_Exercise objective_
All of the listing should be returned as written, apart from any picture in it.

_Exercise data_

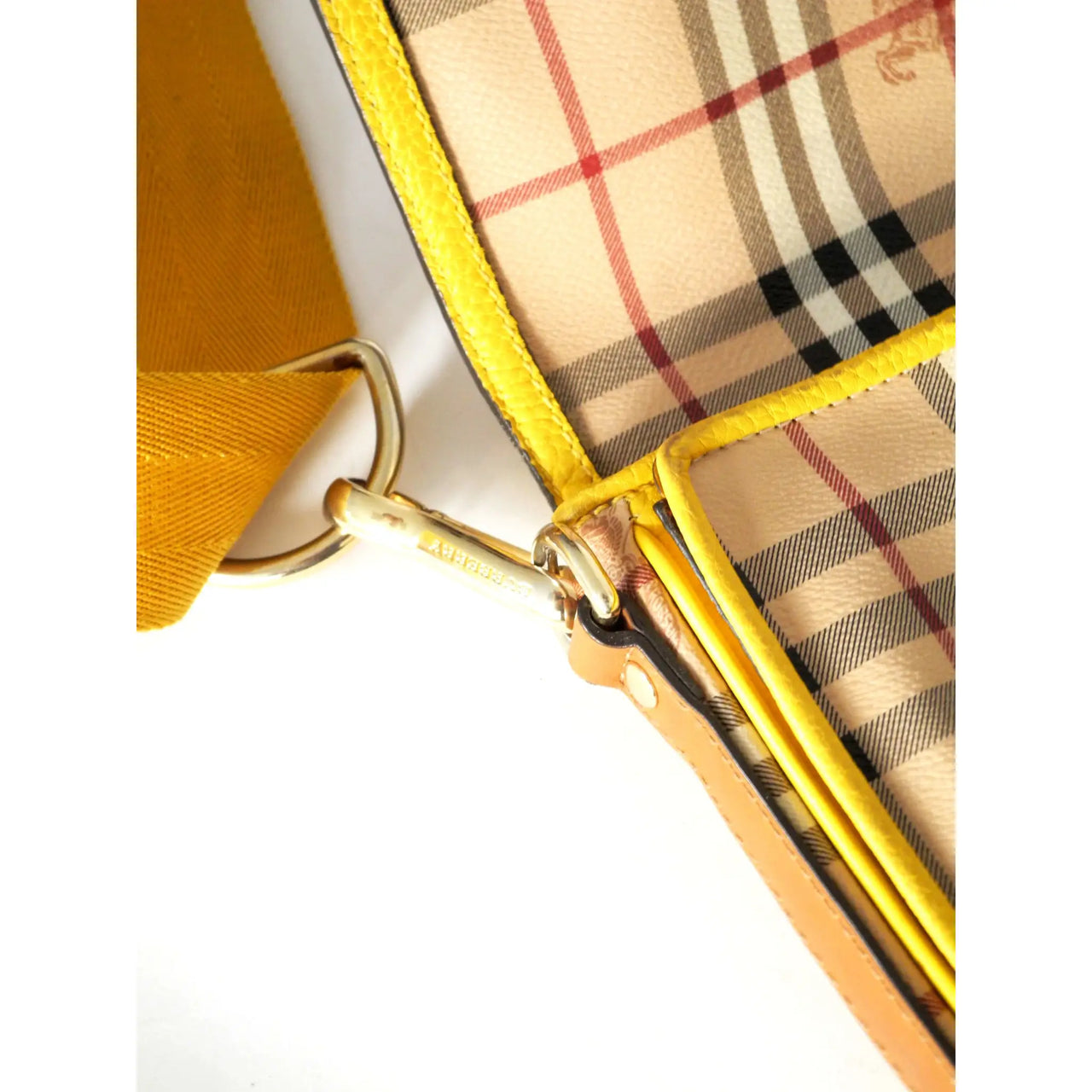 Burberry shoulder bag Comptoir Vintage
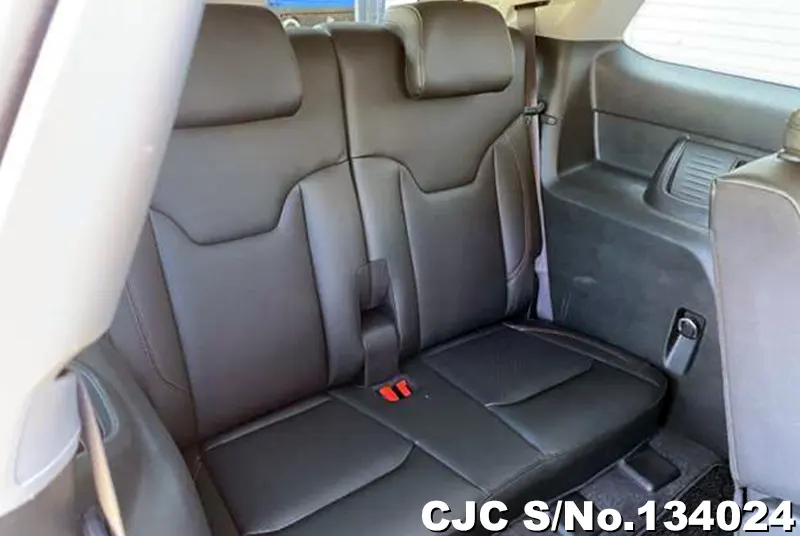 2025 Chrysler / Jeep Commander Stock No. 134024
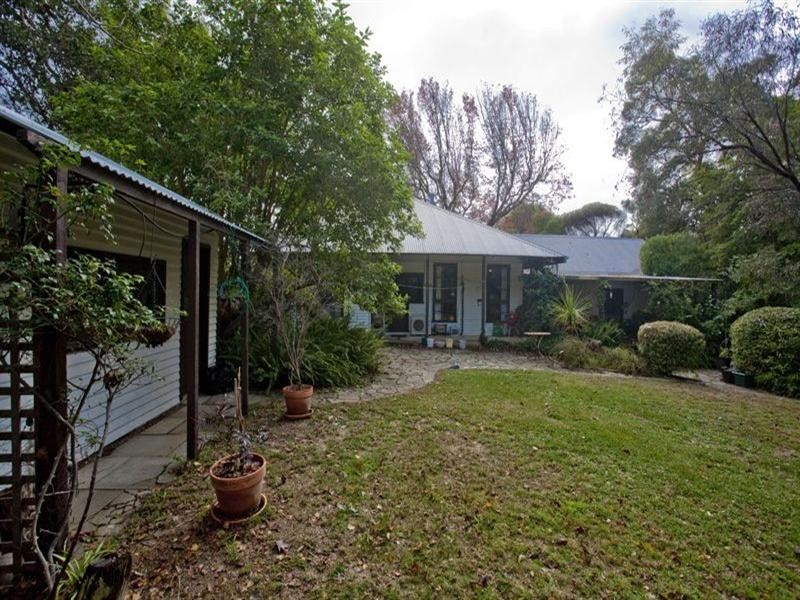 34 Mundaring Weir Road, Kalamunda WA 6076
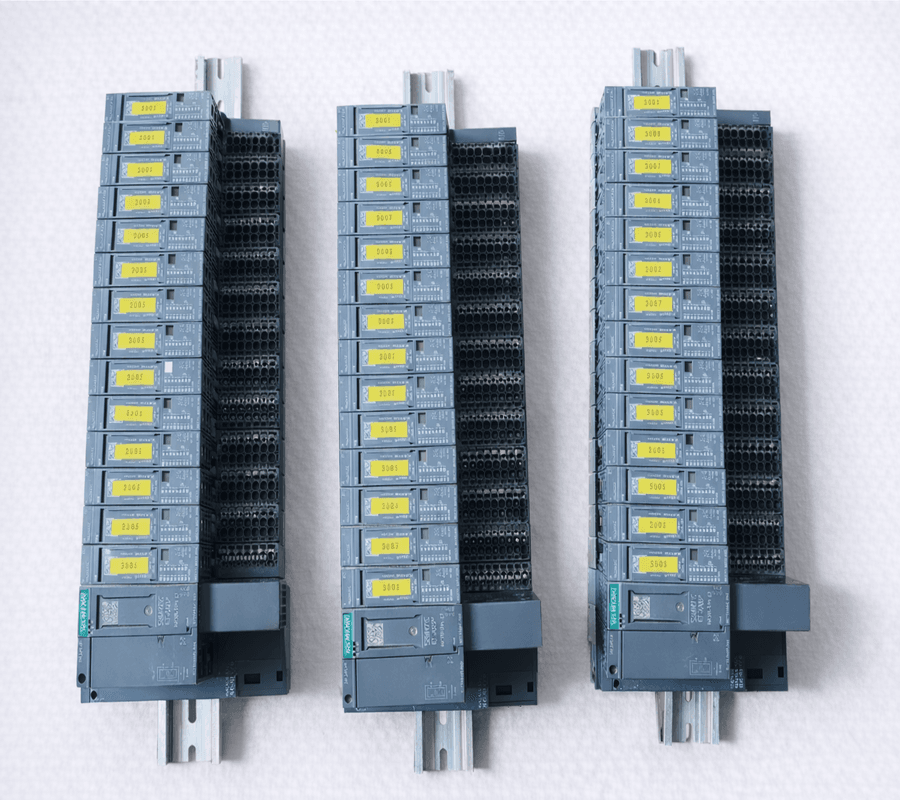 Siemens ET 200 modular I/O stations on mounting rails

_Written response_
 Burberry shoulder bag Comptoir Vintage
 2025 Chrysler / Jeep Commander Stock No. 134024
 34 Mundaring Weir Road, Kalamunda WA 6076
 Siemens ET 200 modular I/O stations on mounting rails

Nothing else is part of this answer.